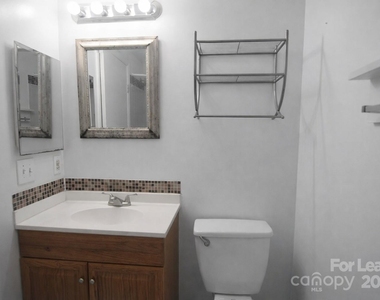 1600 H Arlyn Circle - Photo Thumbnail 14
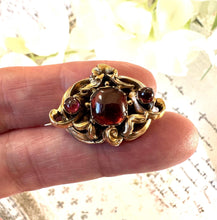 画像をギャラリービューアに読み込む, Antique Georgian 9ct Gold Cushion Cut Red Garnet Cravat Pin/Small Brooch
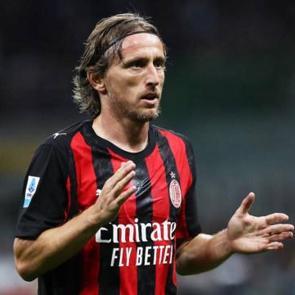 40 yaşındaki efsaneden yeni s&ouml;zleşme i&ccedil;in tek şart! 'Zirvede bırakmak istiyor'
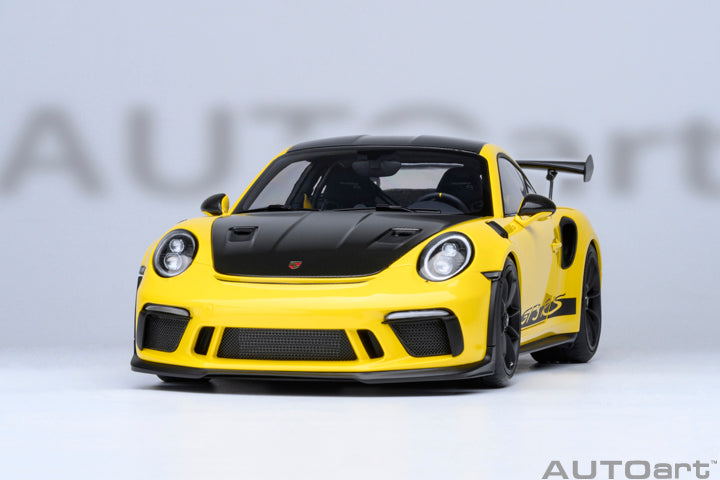 Porsche 911 GT2 RS Weissach Package Racing Yellow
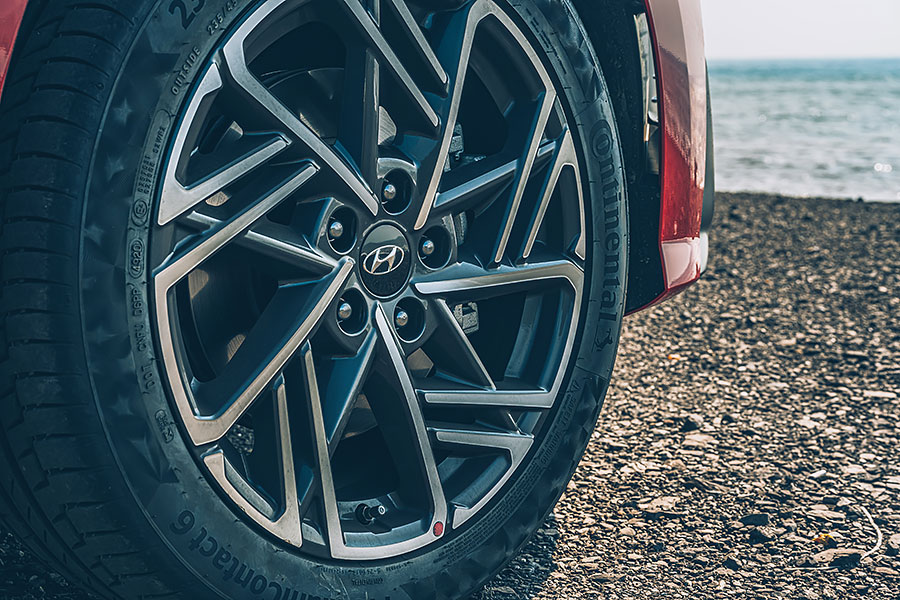 繼北風一役之後,這次TG決定對太陽發出挑戰書,一場史詩級的競賽準備開跑……。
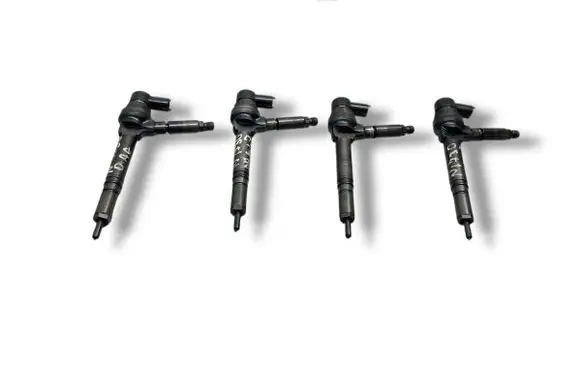 Opel Astra G Fuel injectors set 0445110118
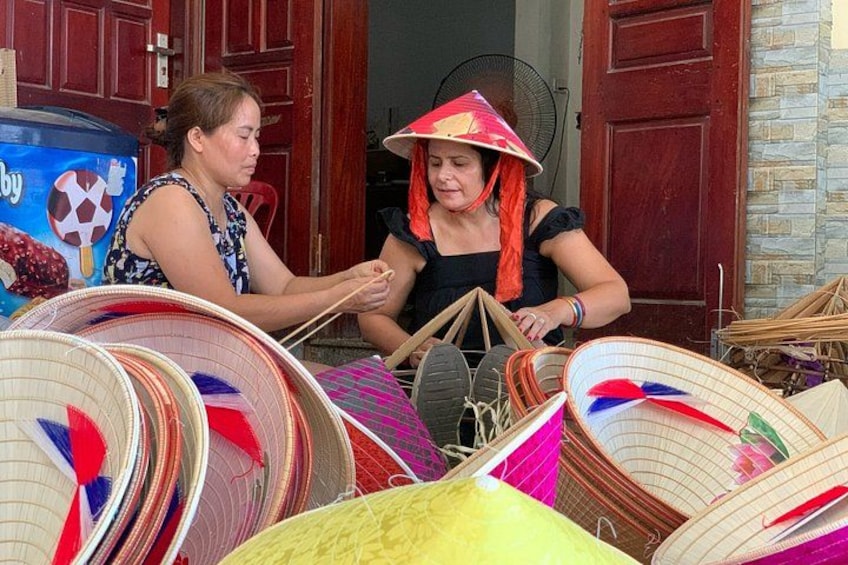 Due persone lavorano con cesti colorati intrecciati. 3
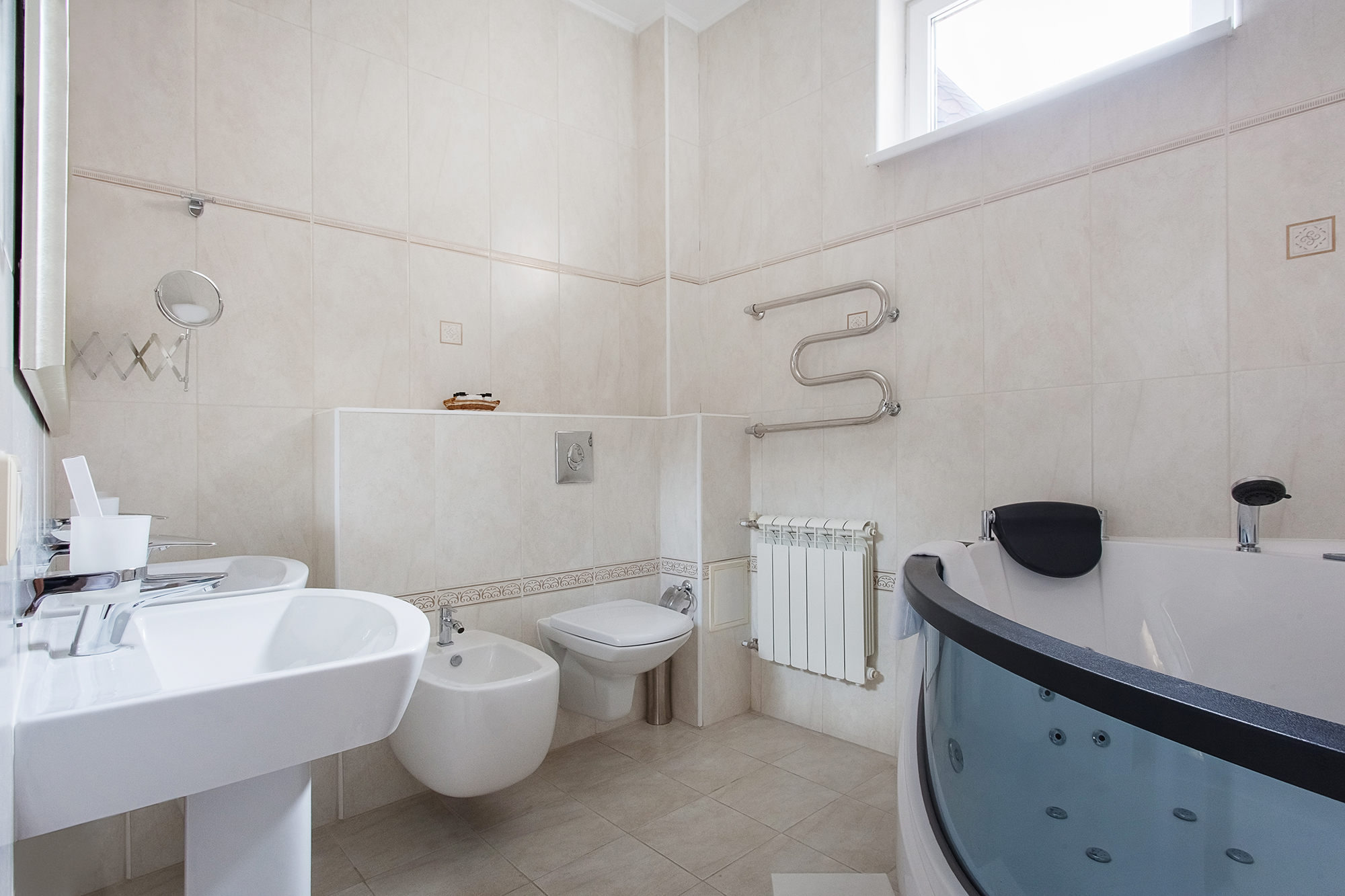 Suite 3х комнатный Сюит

= = =

> **WORK TO COMPLETE**:
All records, pictures excluded: copy them exactly.

> **SOLUTION FOR THIS TASK**:
 1600 H Arlyn Circle - Photo Thumbnail 14
 画像をギャラリービューアに読み込む, Antique Georgian 9ct Gold Cushion Cut Red Garnet Cravat Pin/Small Brooch
 40 yaşındaki efsaneden yeni s&ouml;zleşme i&ccedil;in tek şart! 'Zirvede bırakmak istiyor'
 Porsche 911 GT2 RS Weissach Package Racing Yellow
 繼北風一役之後,這次TG決定對太陽發出挑戰書,一場史詩級的競賽準備開跑……。
 Opel Astra G Fuel injectors set 0445110118
 Due persone lavorano con cesti colorati intrecciati. 3
 Suite 3х комнатный Сюит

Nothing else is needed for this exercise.